[Brief descriptive captions]
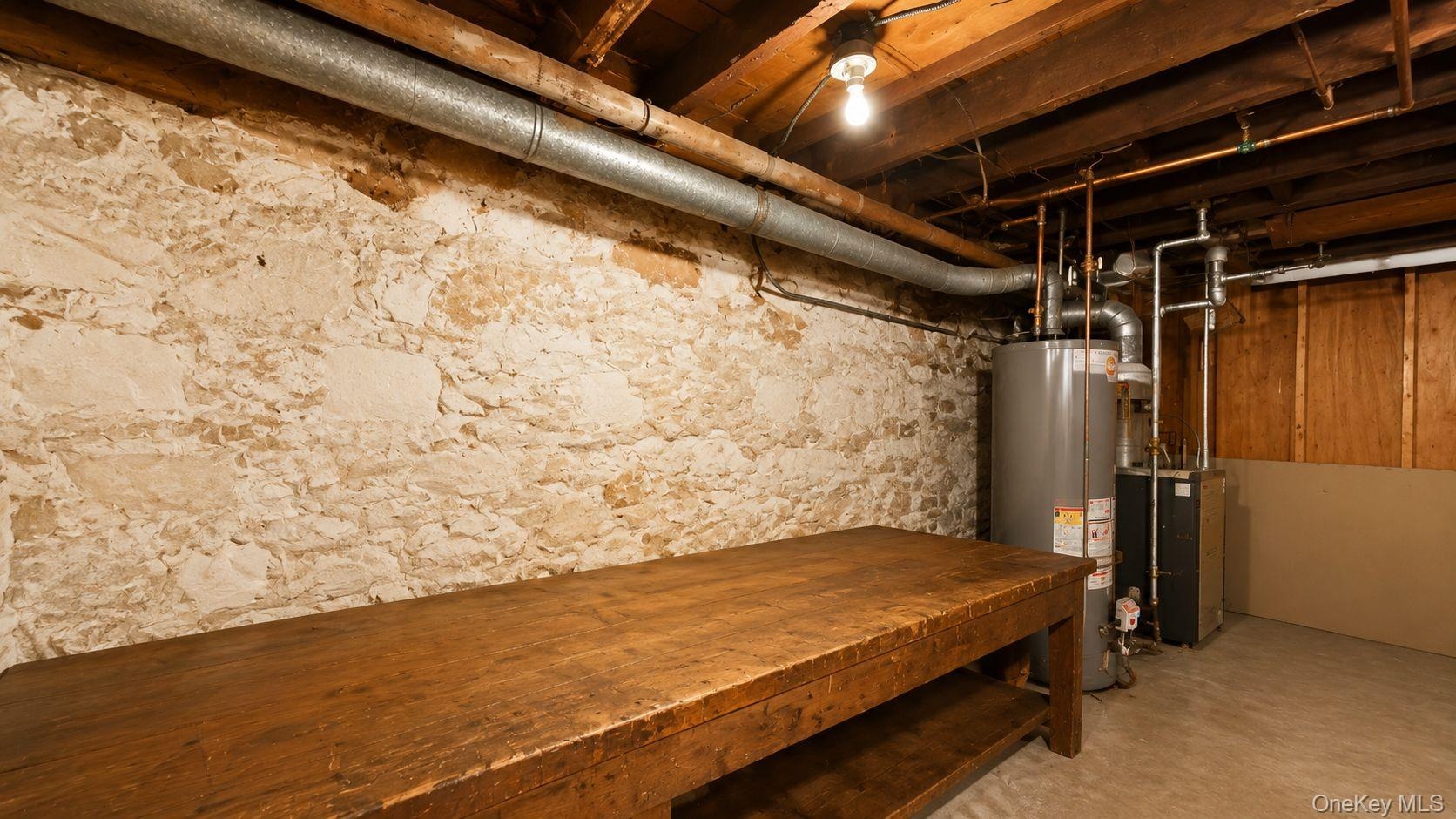 Boiler Room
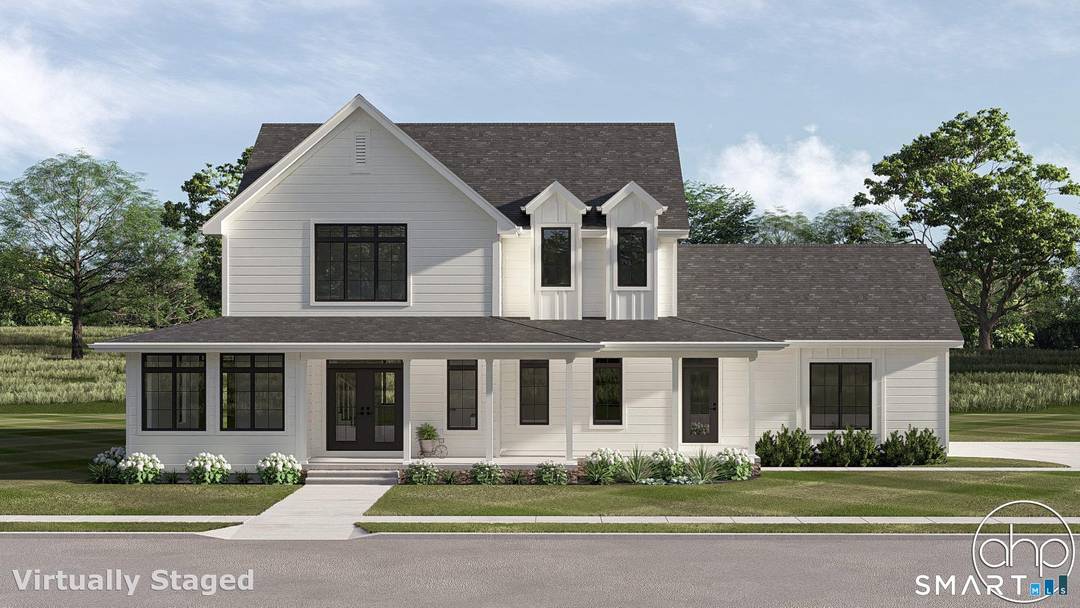 New construction to be built in Southington, CT !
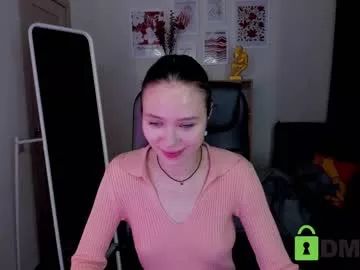 black_jenny from Chaturbate is Freechat
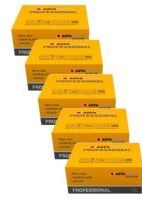 Agfaphoto Professional AAA / LR03 / MN2400 Alkaline Batterij (50 stuks)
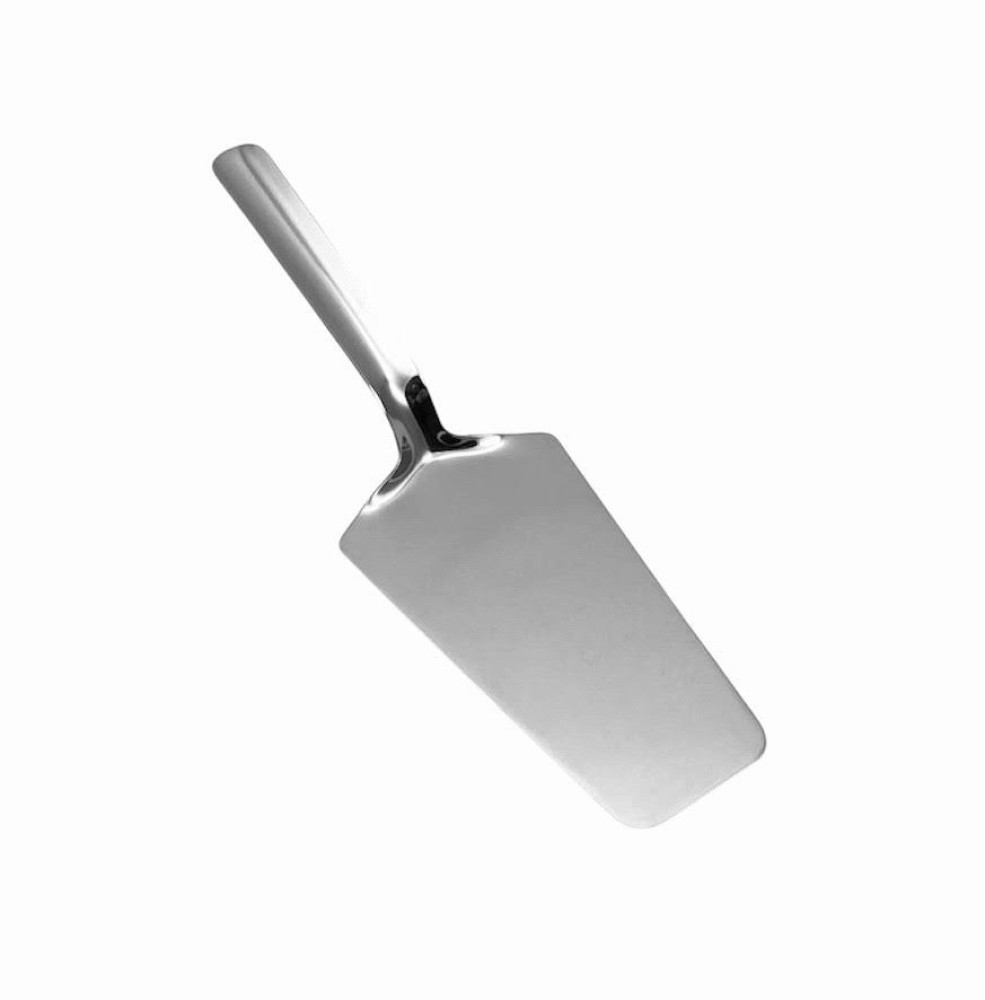 Лопатка для торта из нержавеющей стали 27,5 см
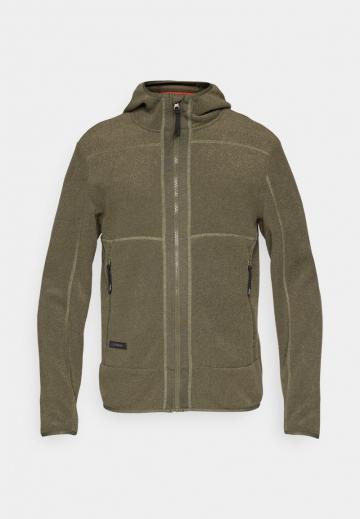 Флисовая куртка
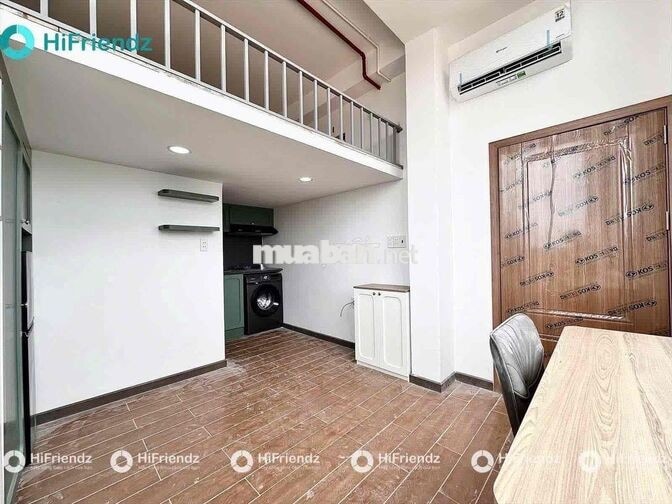 Duplex Cửa Sổ Mới Xây Ngay Văn Lang Css3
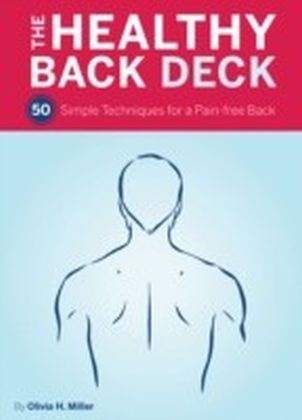 Healthy Back: Reference to Go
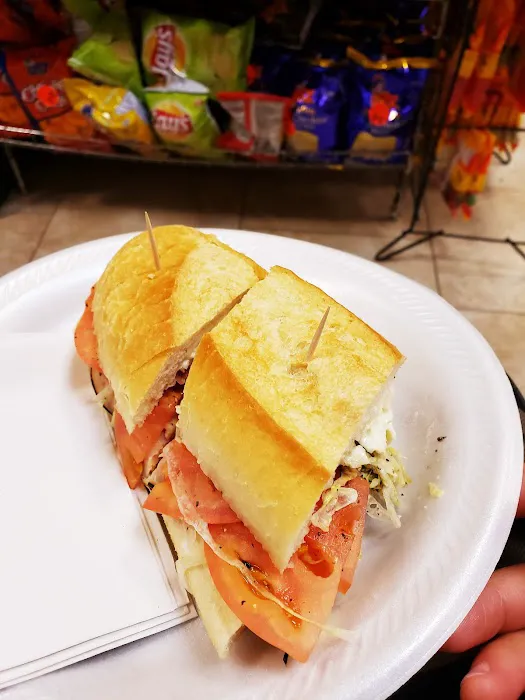 Chauncey Deli Picture 9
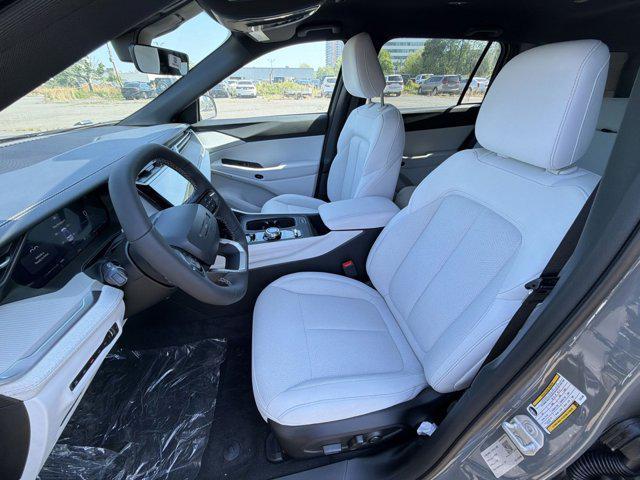 new 2026 Jeep Cherokee car, priced at $35,917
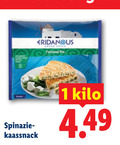 klik op dit plaatje voor een vergroting en voor vergelijkbare aanbiedingen gerelateerd aan ` 1 and eridanous twisted pie spinazie kaassnack kilo ` 1 and eridanous twisted pie spinazie kaassnack kilo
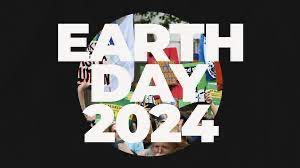 🌎 Earth Day 🌎 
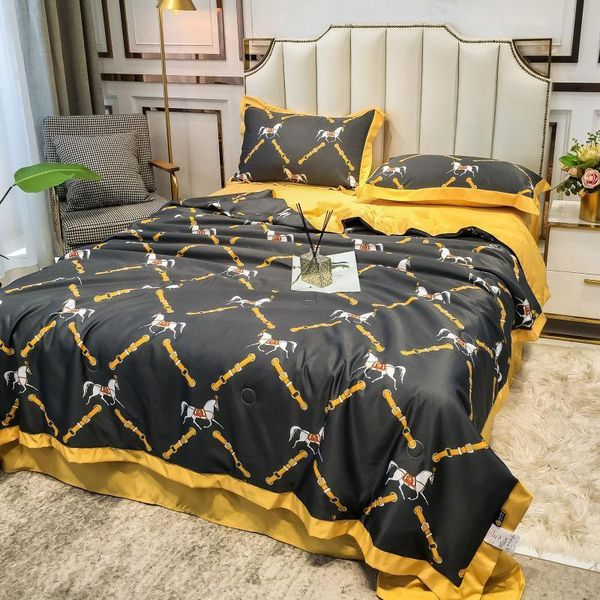 comforters & sets 4pcs/set ice silk summer cool quilt air-conditioned blanket washed household single double office children30
comforters & sets 4pcs/set ice silk summer cool quilt air-conditioned blanket washed household single double office children30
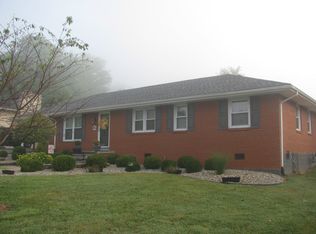 60 East Elizabeth, Munfordville, KY 42765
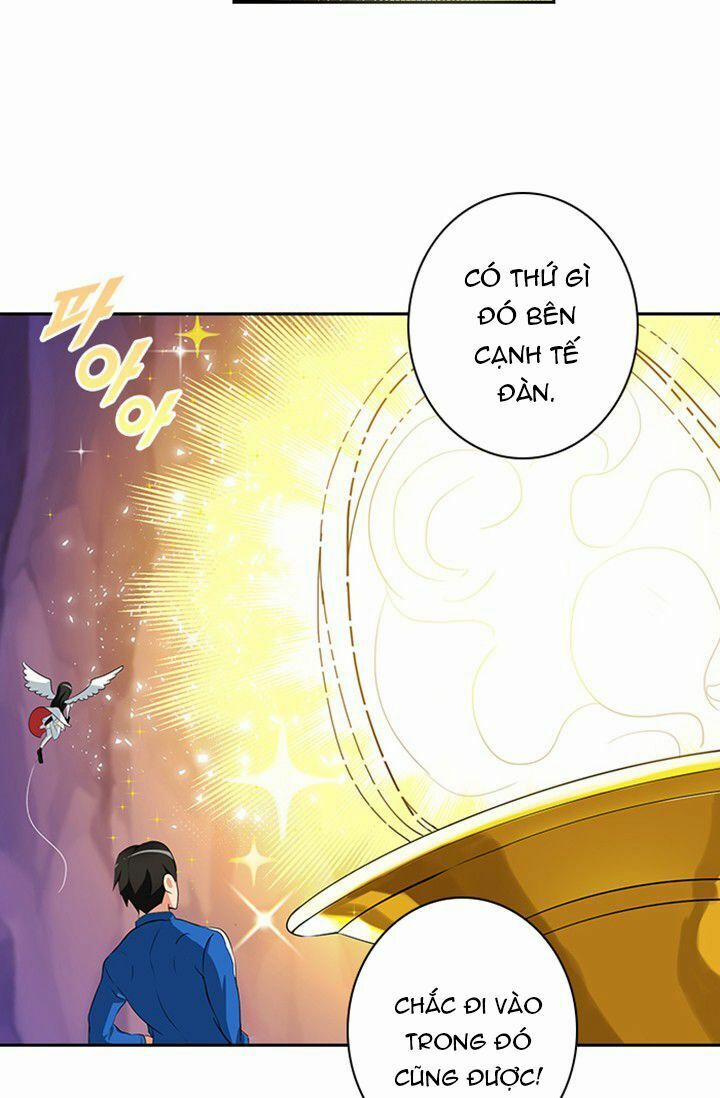 Tôi Là Người Chơi Duy Nhất Đăng Nhập 8 trang 32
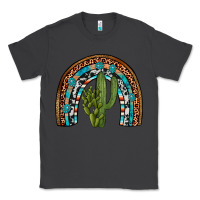 Smoke revize cactus gemstone rainbow Classic Tee - Artiststas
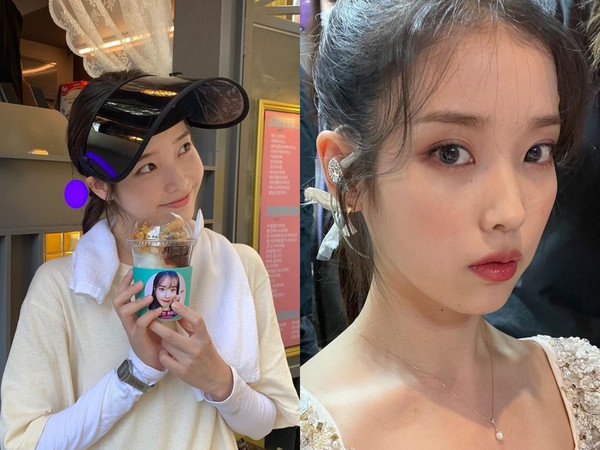 IU rất coi trọng việc rửa mặt, cô từng công khai bí quyết rửa mặt bằng nước vo gạo, nước vo gạo rất giàu khoáng chất và vitamin, giúp da mịn màng và mềm mại.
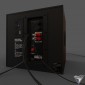 speaker system F&D-A333U 2.1
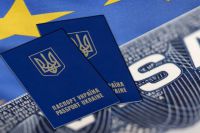 За прошлый год граждане Украины получили почти 66 тысяч виз
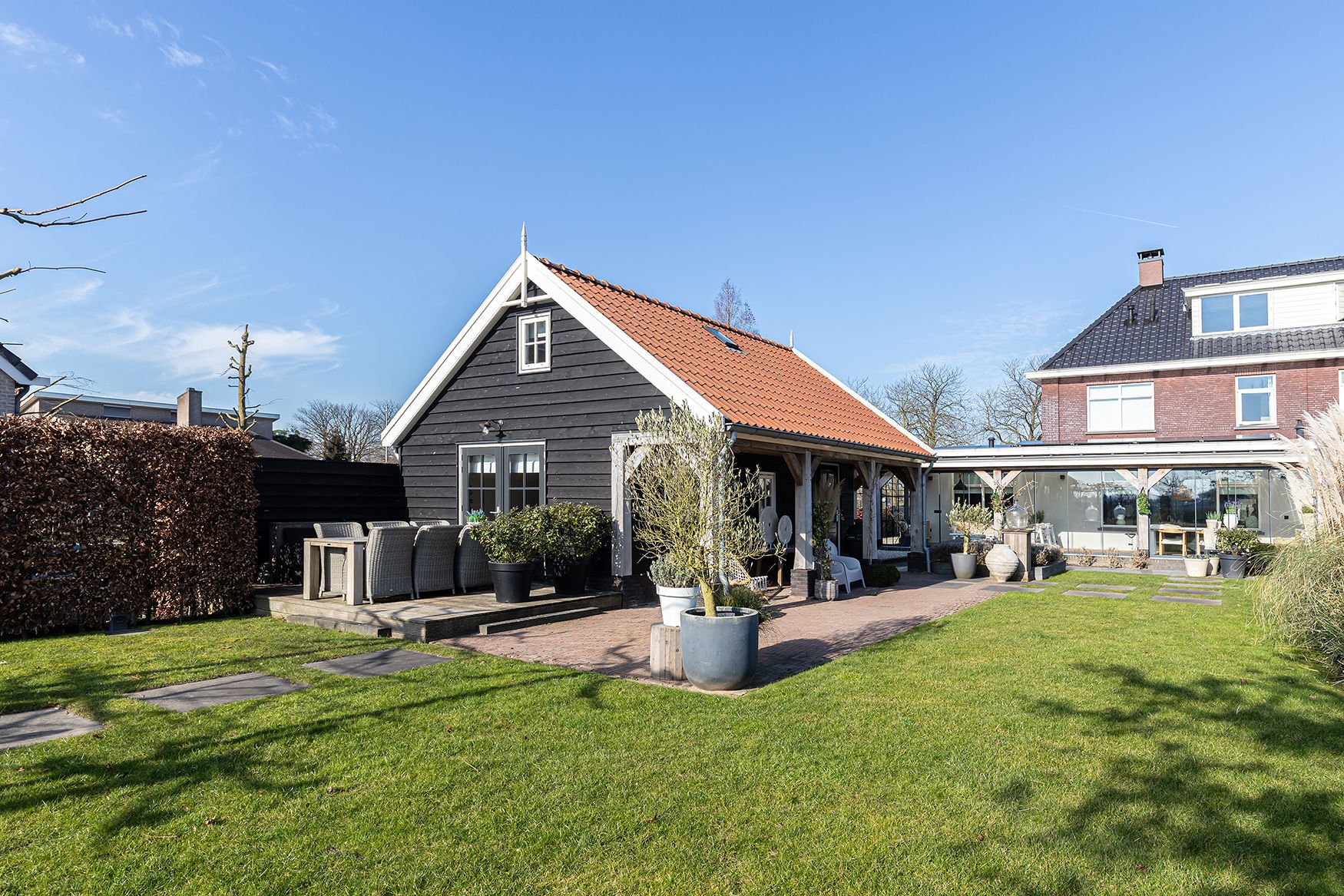 Foto 60 van Parallelweg 142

▶ **EXERCISE**
Return the data above unchanged. Pictures are not part of the copy.

▶ **FINAL ANSWER**
 Boiler Room
 New construction to be built in Southington, CT !
 black_jenny from Chaturbate is Freechat
 Agfaphoto Professional AAA / LR03 / MN2400 Alkaline Batterij (50 stuks)
 Лопатка для торта из нержавеющей стали 27,5 см
 Флисовая куртка
 Duplex Cửa Sổ Mới Xây Ngay Văn Lang Css3
 Healthy Back: Reference to Go
 Chauncey Deli Picture 9
 new 2026 Jeep Cherokee car, priced at $35,917
 klik op dit plaatje voor een vergroting en voor vergelijkbare aanbiedingen gerelateerd aan ` 1 and eridanous twisted pie spinazie kaassnack kilo ` 1 and eridanous twisted pie spinazie kaassnack kilo
 🌎 Earth Day 🌎 
 comforters & sets 4pcs/set ice silk summer cool quilt air-conditioned blanket washed household single double office children30
comforters & sets 4pcs/set ice silk summer cool quilt air-conditioned blanket washed household single double office children30
 60 East Elizabeth, Munfordville, KY 42765
 Tôi Là Người Chơi Duy Nhất Đăng Nhập 8 trang 32
 Smoke revize cactus gemstone rainbow Classic Tee - Artiststas
 IU rất coi trọng việc rửa mặt, cô từng công khai bí quyết rửa mặt bằng nước vo gạo, nước vo gạo rất giàu khoáng chất và vitamin, giúp da mịn màng và mềm mại.
 speaker system F&D-A333U 2.1
 За прошлый год граждане Украины получили почти 66 тысяч виз
 Foto 60 van Parallelweg 142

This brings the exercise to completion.